Information supplied Block Start
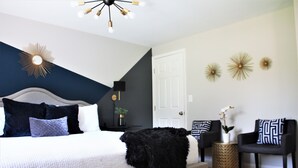 A bedroom with a bed, bedside tables, a lamp, decorative wall art, and a chair. - Charming 3-bedroom ranch home, back deck, close to ATL, in peaceful Norcross (Norcross)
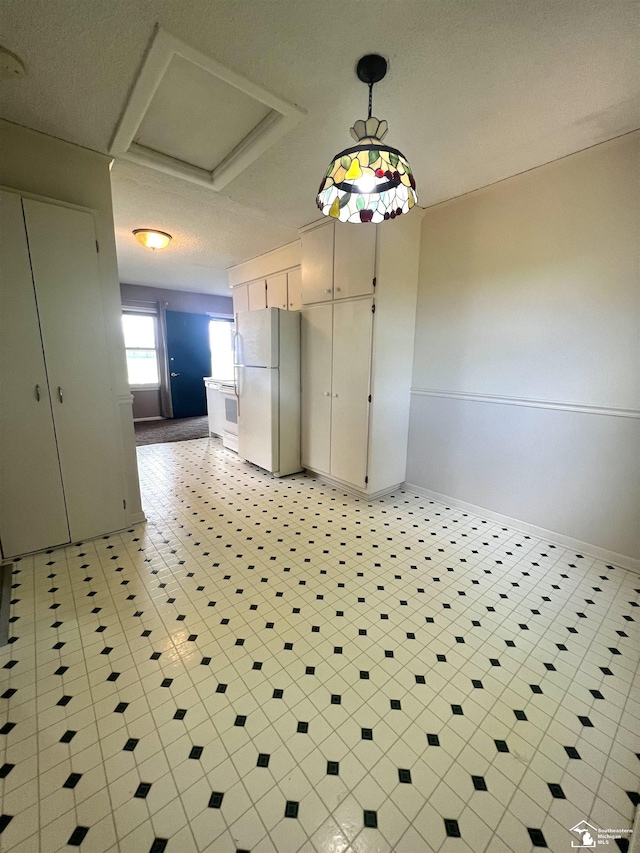 unfurnished dining area with attic access, baseboards, and a textured ceiling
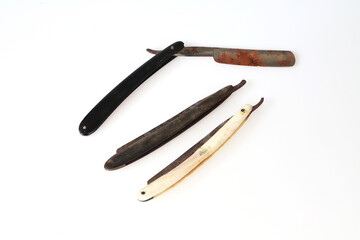 Lot of three old vintage dirty grunge blade razor accessories barbershop on white background, dirty tool with rust and grunge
Information supplied Block End
Instructions to follow: Everything in the listing must be restated word for word, except for the pictures.

Answer area:
 A bedroom with a bed, bedside tables, a lamp, decorative wall art, and a chair. - Charming 3-bedroom ranch home, back deck, close to ATL, in peaceful Norcross (Norcross)
 unfurnished dining area with attic access, baseboards, and a textured ceiling
 Lot of three old vintage dirty grunge blade razor accessories barbershop on white background, dirty tool with rust and grunge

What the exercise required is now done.